Linda Zervakis und ihr Interview mit Scholz: Hat sich das Kanzleramt unkritische Fragen eingekauft?

1.130,50 Euro hat das Kanzleramt der Pro7-Journalistin Linda Zervakis für ein Interview mit Kanzler Scholz auf der Republica überwiesen. Von einem Honorar will es aber nichts wissen.

Honorar? Kostenpauschale? Unstrittig ist, dass die Pro7-Journalistin Linda Zervakis vom Bundeskanzleramt für ein Interview mit Olaf Scholz auf der Republica 2022 bezahlt wurde. Ein Regierungssprecher bestätigte der „taz“, dass das Kanzleramt Zervakis für das halbstündige Gespräch ausgesucht und danach 1.130,50 Euro brutto überwiesen hat.

Der Sprecher sagte der Zeitung, es handle sich nicht um ein Honorar, sondern um eine „Kostenpauschale“. Welche Kosten damit gedeckt werden sollten, ist laut „taz“ jedoch unklar.

Unkritische Fragen eingekauft?

Der Unterschied ist wesentlich. Wäre der Betrag ein Honorar, stünde Linda Zervakis im Verdacht, sie habe sich für wenig kritische Fragen an den Kanzler einkaufen lassen. Eine Kostenpauschale könnte als Aufwandsentschädigung verstanden werden, also als Begleichung aller Kosten, die der Journalistin für Vorbereitung, An- und Abreise nach und von Berlin entstanden wäre. Fakt ist, dass der Privatsender die Zugfahrt bezahlt hat.

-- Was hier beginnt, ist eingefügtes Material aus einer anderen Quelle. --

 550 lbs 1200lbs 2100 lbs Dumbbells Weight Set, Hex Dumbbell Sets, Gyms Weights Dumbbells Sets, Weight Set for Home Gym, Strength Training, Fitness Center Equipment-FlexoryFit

Wie die „taz“ weiter berichtet, habe Pro7 der Zeitung mitgeteilt, dass der Sender kein Problem mit dem Interview habe, sie habe dafür ja kein Honorar bekommen. „Ein solches Interview ist mit unseren journalistischen Werten sehr gut zu vereinbaren“, sagte ein Sprecher. Auf die Nachfrage, ob das auch bei einer hohen „Kostenpauschale“ gelte, sei keine direkte Antwort gekommen, so die „taz“.

Gute Stimmung bei der Republica 2022: Kanzler Scholz lässt sich von Linda Zervakis interviewen.

© Reuters/Annegret Hilse

Der Sprecher machte aber deutlich, dass der Sender in der intransparenten PR-Moderation kein Problem sehe. Zervakis wollte übrigens zwischenzeitlich gegen die Berichterstattung juristisch vorgehen, unterließ es dann aber. Die Erfolgsaussichten erschienen offensichtlich zu gering zu sein.

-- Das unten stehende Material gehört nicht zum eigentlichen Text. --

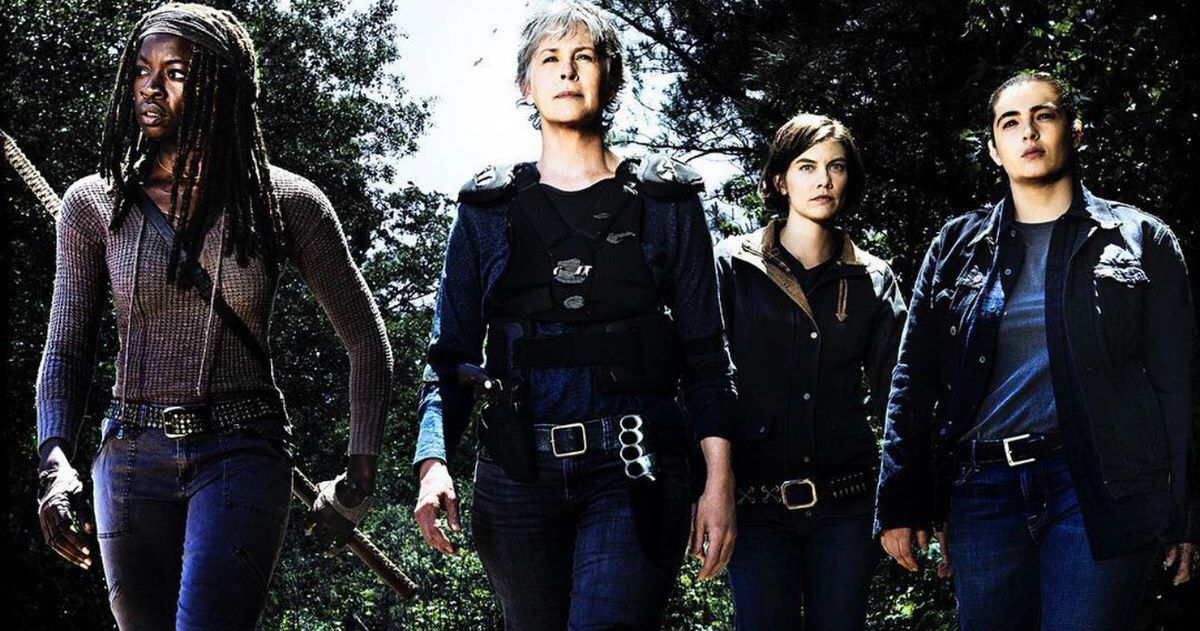 Walking Dead Cast Celebrate 100th Episode in New Season 8 Video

Im Organisationsteam der Republica war kontrovers diskutiert, ob man sich auf den Deal einlassen sollte: Der Kanzler kommt, dafür darf er sich seine Moderatorin selbst aussuchen? So kam es und die Veranstaltung hatte ihren Olaf-Scholz-Adel.

Der Vorgang und seine Begleitumstände rufen natürlich auch im natürlichen Rund Interesse hervor. Die Bundestagsfraktion der Alternative für Deutschland (AfD) haben eine Kleine Anfrage gestellt. Die Abgeordneten wollen demnach wissen, „ob das Bundeskanzleramt die Interviewpartnerin des Kanzlers ausgewählt hat, nach welchen Kriterien dies gegebenenfalls geschah und falls ja, weshalb die Regierung dies nicht ,transparent kommuniziert’ habe, sodass „der Anschein einer unabhängigen journalistischen Tätigkeit entstehen konnte“.

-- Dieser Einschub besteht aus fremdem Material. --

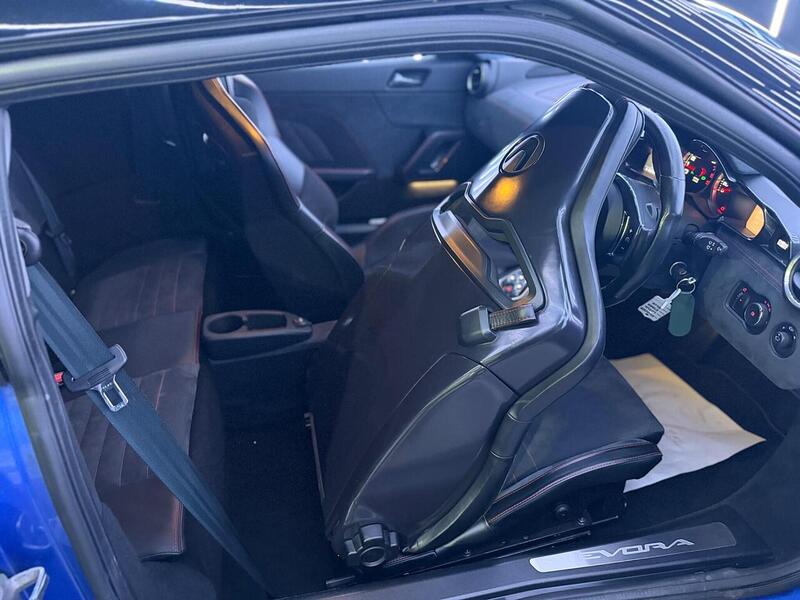 Lotus Evora 3.5 V6 400 Coupe 2dr Petrol IPS Euro 6 2 + 2 (406 ps) - U510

Gefragt wird zudem, ob die Bundesregierung, Ministerien oder Behörden seit Anfang 2022 Geld an die Journalistin gezahlt haben. Darüber hinaus will die Fraktion wissen, ob es in dieser und der vergangenen Wahlperiode Fälle gegeben habe, „in denen Journalisten als Interviewpartner des Bundeskanzlers oder der Bundeskanzlerin, von Bundesministerinnen oder Bundesministern ausgewählt und engagiert wurden“. Berechtigte Fragen.

Die hartnäckige „taz“-Recherche lässt erst mal nur Beschädigte zurück: das Kanzleramt, die Journalistin Linda Zervakis, der Privatsender Pro7, die Republica - und ein betrogenes Publikum.